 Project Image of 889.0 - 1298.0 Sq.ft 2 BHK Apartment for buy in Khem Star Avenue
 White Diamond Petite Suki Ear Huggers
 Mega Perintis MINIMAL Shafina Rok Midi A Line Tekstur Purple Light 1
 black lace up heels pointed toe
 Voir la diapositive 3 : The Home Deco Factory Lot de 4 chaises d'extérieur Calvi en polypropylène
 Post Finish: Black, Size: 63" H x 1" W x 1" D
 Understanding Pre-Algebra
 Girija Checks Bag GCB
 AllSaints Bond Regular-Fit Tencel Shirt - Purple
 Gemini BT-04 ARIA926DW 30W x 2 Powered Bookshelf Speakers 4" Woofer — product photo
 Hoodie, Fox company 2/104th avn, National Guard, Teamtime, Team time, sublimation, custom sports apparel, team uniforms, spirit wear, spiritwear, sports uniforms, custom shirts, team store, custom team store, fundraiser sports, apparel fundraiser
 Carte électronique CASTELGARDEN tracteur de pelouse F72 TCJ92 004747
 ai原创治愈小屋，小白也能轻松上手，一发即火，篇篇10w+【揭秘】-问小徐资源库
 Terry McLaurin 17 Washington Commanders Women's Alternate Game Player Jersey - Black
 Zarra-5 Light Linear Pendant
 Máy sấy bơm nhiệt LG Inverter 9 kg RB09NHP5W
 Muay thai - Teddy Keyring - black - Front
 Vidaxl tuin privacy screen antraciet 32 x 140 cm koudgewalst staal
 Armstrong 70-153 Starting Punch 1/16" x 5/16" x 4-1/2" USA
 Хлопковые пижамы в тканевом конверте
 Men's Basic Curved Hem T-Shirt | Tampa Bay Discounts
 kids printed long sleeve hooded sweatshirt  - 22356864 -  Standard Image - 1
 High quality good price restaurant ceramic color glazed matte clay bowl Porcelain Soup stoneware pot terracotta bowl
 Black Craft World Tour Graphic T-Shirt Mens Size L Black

++++++++

WHAT THE EXERCISE ASKS | From the records above, repeat exactly the lines from the one with "Zarra-5 Light Linear Pendant" through the one with "Хлопковые пижамы в тканевом конверте", both included.

RESPONSE |
 Zarra-5 Light Linear Pendant
 Máy sấy bơm nhiệt LG Inverter 9 kg RB09NHP5W
 Muay thai - Teddy Keyring - black - Front
 Vidaxl tuin privacy screen antraciet 32 x 140 cm koudgewalst staal
 Armstrong 70-153 Starting Punch 1/16" x 5/16" x 4-1/2" USA
 Хлопковые пижамы в тканевом конверте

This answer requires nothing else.